Atla
Atla is an AI evaluation tool that helps you build reliable generative AI applications by automating data labeling, optimizing LLM outputs, and filtering out the worst outputs.

Atla Introduction
Atla is revolutionizing the way developers build and maintain reliable Generative AI applications. With its advanced AI evaluation models, Atla helps you automate data labeling, optimize LLM outputs based on user preferences, and filter out unreliable results before they reach your users. Whether you're a startup or a global enterprise, Atla's offline and online evaluation tools ensure continuous improvement and confidence in your AI app's performance. Integrate seamlessly with CI pipelines to understand the impact of changes before deployment, and monitor your app in real-time to address any issues promptly. Start shipping more reliable GenAI apps faster with Atla's easy-to-use tools and get started for free today.
Atla Features
Automate Data Labeling
Atla's Automate Data Labeling feature is designed to significantly reduce the manual effort and costs associated with data annotation in generative AI applications. By leveraging AI scores and feedback, this function automates the data labeling process, making it more efficient and cost-effective. This not only speeds up the development cycle but also ensures that the data used to train models is of higher quality, which in turn leads to more accurate and reliable model outputs. This feature is closely related to the Optimize with Clear Targets function, as better labeled data can lead to more accurate model outputs, enabling continuous improvement based on user preferences.
Optimize with Clear Targets
The Optimize with Clear Targets feature allows developers to measure the quality of their Large Language Model (LLM) outputs based on user preferences, creating a virtuous cycle of continuous improvement. By setting clear targets and continuously evaluating the model's performance, developers can ensure that their LLM outputs are aligned with user expectations. This feature creates value by enhancing the user experience and trust in the AI application. It is closely related to the Automate Data Labeling function, as better labeled data can lead to more accurate model outputs, enabling this continuous improvement process.

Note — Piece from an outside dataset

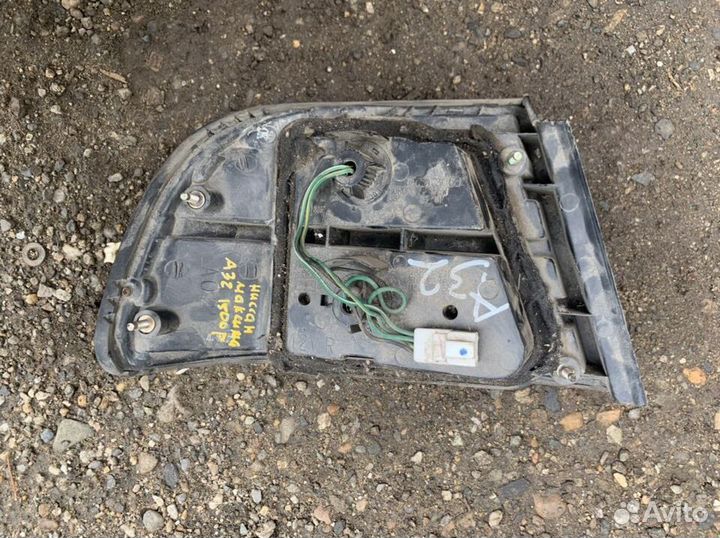 Стопарь правый Nissan Maxima A32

Filter Out the Worst Outputs
Atla's Filter Out the Worst Outputs feature is crucial for maintaining the reliability and quality of generative AI applications. This function uses advanced models to identify and eliminate the worst outputs of the LLM app before they reach the users. By doing so, it significantly improves the user experience and builds trust in the AI application. This feature is related to both the Offline Evaluation and Online Evaluation functions, as these evaluations help in identifying the worst outputs, ensuring that only high-quality outputs are delivered to the users.
Offline Evaluation
The Offline Evaluation feature allows developers to test their prompts and model versions with AI evaluators before they are deployed to production. By automatically scoring performance and providing feedback on model outputs, this function helps developers understand the impact of changes on their app before they go live. This creates value by enabling more confident and informed decision-making during the development process. It is closely related to the Integrate with CI function, as both aim to ensure the reliability of the app before deployment.
Integrate with CI
Atla's Integrate with CI feature is designed to help developers understand how changes impact their app before they hit production. By integrating with Continuous Integration (CI) systems, this function enables faster and more confident shipping of updates. It creates value by reducing the risk of deploying faulty updates and ensuring that the app remains reliable and functional. This feature is closely related to the Offline Evaluation function, as both aim to ensure the reliability of the app before deployment.
Online Evaluation
The Online Evaluation feature allows developers to monitor their generative AI application in production to spot problems or drift. By continuously evaluating the app's performance, this function enables ongoing iterations and improvements, ensuring that the app remains reliable and of high quality. This creates value by maintaining the user experience and trust in the AI application. It is closely related to the Filter Out the Worst Outputs function, as both aim to improve the reliability and quality of the app in production.